CPSC689-609 Homework

You are required to finish two assignments in this homework. There are totally 15 (plus 5) points you can get. You may use C, C++ or Java for this homework.

1. Write a program to reassemble telnet and ftp sessions. Your program should display for each telnet and ftp session, in ASCII format, the command/response between the client and the server. Your program should also record byte distribution information in the payloads of the whole sessions (in both directions). (8 pts.)
 * The input is a network trace. A sample pcap trace with telnet and ftp sessions is available here for your test.
 * The output format is up to you; however, the output must be ascii readable, so convert any unreadable characters to some numeric value (e.g., %u, %d).
 * You may need to consult the relevant RFCs for the tcp/telnet/ftp protocols.
 * You can use libpcap library in your program. You can refer to existing open source projects (e.g., tcpdump, snort, bro) and modify them according to your purpose.
 * In submission, you should also include plots of the session byte distribution that your program has recorded. You can use matlab, Gnuplot to plot the graphs.

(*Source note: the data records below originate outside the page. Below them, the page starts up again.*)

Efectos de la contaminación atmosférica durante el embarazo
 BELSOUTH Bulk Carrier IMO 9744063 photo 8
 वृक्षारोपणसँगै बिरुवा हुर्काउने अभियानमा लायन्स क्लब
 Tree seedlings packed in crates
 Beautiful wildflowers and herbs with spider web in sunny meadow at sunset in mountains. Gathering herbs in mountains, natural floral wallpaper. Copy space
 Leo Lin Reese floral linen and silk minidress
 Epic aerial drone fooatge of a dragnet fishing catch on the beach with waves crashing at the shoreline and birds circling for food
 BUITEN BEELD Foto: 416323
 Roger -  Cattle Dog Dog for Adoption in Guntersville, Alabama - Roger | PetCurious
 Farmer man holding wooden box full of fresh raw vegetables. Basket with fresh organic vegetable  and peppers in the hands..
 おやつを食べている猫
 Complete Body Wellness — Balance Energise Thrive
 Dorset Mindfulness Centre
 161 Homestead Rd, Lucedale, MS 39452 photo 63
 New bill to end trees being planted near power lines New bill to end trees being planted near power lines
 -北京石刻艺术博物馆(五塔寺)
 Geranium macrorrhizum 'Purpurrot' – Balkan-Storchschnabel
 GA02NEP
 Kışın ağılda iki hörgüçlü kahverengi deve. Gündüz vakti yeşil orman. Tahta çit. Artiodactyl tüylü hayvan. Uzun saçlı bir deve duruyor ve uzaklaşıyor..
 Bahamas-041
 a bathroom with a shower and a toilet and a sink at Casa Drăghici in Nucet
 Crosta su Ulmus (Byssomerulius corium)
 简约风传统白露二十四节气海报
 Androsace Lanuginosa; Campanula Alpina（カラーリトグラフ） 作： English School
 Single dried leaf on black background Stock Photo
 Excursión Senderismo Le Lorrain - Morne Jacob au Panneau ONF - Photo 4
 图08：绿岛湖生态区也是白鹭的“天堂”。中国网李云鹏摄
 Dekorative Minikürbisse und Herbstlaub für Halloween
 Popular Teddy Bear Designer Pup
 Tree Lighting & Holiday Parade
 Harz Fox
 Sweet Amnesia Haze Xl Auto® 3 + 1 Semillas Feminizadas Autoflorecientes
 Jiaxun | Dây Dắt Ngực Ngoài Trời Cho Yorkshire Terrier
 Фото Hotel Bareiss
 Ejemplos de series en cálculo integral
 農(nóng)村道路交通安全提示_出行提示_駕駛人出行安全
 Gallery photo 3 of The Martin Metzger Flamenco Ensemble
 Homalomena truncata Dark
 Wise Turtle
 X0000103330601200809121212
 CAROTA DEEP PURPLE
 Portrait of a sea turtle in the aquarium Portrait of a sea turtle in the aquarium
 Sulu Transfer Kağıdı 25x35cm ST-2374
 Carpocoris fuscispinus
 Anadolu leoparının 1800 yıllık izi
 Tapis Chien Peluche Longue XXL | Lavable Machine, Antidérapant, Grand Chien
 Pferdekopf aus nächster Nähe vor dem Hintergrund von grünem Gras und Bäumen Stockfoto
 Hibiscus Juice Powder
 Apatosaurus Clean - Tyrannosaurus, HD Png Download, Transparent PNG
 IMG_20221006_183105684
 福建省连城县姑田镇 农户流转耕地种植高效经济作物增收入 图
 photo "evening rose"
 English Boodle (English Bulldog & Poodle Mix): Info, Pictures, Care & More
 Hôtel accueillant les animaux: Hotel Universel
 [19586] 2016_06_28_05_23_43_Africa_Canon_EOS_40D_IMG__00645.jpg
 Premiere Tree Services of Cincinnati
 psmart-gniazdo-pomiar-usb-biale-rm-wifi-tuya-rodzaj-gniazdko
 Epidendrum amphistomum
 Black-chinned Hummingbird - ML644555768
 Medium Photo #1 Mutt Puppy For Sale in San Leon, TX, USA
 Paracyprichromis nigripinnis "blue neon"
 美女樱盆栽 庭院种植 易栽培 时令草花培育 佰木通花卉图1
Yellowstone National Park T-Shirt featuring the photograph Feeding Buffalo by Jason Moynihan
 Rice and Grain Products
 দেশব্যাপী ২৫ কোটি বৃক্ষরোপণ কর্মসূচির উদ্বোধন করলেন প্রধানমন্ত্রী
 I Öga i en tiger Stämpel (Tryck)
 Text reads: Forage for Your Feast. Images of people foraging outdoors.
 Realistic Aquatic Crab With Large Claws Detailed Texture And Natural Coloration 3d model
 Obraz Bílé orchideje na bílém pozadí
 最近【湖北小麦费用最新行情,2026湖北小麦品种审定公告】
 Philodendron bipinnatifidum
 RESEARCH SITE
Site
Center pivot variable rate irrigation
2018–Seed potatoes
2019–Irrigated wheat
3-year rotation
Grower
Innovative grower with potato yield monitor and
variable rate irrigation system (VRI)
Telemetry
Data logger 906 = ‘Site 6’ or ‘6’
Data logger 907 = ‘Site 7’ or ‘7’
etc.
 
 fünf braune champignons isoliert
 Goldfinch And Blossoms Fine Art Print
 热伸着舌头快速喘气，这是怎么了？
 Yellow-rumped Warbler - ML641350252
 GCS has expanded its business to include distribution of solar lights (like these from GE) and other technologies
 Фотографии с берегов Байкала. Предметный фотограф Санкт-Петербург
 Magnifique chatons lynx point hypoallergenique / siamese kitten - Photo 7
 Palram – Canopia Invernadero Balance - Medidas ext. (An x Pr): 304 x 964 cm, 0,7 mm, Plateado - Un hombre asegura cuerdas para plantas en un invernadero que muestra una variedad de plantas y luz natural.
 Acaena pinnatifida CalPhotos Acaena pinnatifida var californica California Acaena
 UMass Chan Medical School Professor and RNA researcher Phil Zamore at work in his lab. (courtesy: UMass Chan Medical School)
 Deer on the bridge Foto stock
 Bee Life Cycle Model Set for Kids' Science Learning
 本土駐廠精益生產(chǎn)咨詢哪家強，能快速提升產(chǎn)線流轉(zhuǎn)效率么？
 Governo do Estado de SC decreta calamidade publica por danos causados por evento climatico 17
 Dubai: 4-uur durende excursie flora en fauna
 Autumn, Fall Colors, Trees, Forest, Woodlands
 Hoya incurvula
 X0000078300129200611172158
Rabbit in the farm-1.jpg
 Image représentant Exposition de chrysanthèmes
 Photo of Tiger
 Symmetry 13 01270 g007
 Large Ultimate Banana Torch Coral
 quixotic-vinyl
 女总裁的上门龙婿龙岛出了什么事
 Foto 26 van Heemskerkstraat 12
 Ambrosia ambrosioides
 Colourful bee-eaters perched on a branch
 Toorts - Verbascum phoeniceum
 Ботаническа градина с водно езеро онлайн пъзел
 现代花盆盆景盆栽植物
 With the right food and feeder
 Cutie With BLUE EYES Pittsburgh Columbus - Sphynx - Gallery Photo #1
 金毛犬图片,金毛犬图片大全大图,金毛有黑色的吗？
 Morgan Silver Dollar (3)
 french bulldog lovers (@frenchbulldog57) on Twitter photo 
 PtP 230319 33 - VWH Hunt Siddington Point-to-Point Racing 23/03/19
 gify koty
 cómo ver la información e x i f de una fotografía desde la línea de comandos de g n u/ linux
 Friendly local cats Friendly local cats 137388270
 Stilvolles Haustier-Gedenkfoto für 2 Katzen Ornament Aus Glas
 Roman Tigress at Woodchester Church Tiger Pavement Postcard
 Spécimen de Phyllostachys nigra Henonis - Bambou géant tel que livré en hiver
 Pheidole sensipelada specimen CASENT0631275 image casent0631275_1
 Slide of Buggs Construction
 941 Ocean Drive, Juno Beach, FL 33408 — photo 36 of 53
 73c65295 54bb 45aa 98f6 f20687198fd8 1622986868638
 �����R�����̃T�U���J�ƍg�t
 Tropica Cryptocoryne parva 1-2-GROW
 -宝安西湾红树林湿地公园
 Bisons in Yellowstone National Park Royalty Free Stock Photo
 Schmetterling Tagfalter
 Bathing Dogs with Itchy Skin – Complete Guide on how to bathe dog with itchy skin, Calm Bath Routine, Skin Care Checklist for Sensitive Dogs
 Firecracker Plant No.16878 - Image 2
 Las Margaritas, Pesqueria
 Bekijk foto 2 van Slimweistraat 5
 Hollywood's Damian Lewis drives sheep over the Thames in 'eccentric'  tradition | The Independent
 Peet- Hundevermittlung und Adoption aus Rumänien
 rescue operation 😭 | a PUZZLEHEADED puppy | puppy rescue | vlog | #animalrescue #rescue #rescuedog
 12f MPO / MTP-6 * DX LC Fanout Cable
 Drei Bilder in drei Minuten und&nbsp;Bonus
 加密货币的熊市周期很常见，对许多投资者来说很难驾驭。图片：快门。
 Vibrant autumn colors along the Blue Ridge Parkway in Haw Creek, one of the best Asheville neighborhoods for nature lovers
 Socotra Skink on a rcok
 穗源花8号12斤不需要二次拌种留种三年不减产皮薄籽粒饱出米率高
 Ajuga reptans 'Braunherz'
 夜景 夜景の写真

2. Write a simple program with a buffer/stack overflow bug, then design and implement an attack that exploits the bug so that the your injected code gets run (e.g., via stack smashing and code injection). You need to submit the program and the attack code, with a description of how the program and the attack work. You should be able to demonstrate your program and attack during my office hours. (7 pts.)

[Optional requirements] (If you finish the following optional requirements,  you will get EXTRA 5 points] 
 * Implement your solution in the client-server architecture. Your vulnerable server program can listen on port 23 (pretend to be a telnet service) or other ports at your choice. Your client program sends out the buffer overflow attack to exploit the server program. In test, your client/server programs can run on the same PC. You can google "socket programming" for network programming reference.
 * You can refer to existing open source projects (e.g.,  Metasploit project) if necessary.
 * Record the attacking network trace using tcpdump or wireshark. Run the program you have finished in the first assignment, re-plot the session byte distribution, and compare with the previous plots from the first assignment.



Submit your homework to me with the subject "CPSC689-Homework" and attach your file <your_name>-hw.tgz (or .zip) containing:
    * Compilable source code of your solution for the two assignments.
    * A report describing everything I should know to be able to test your solution, as well as the plots and any of your finding/conclusion.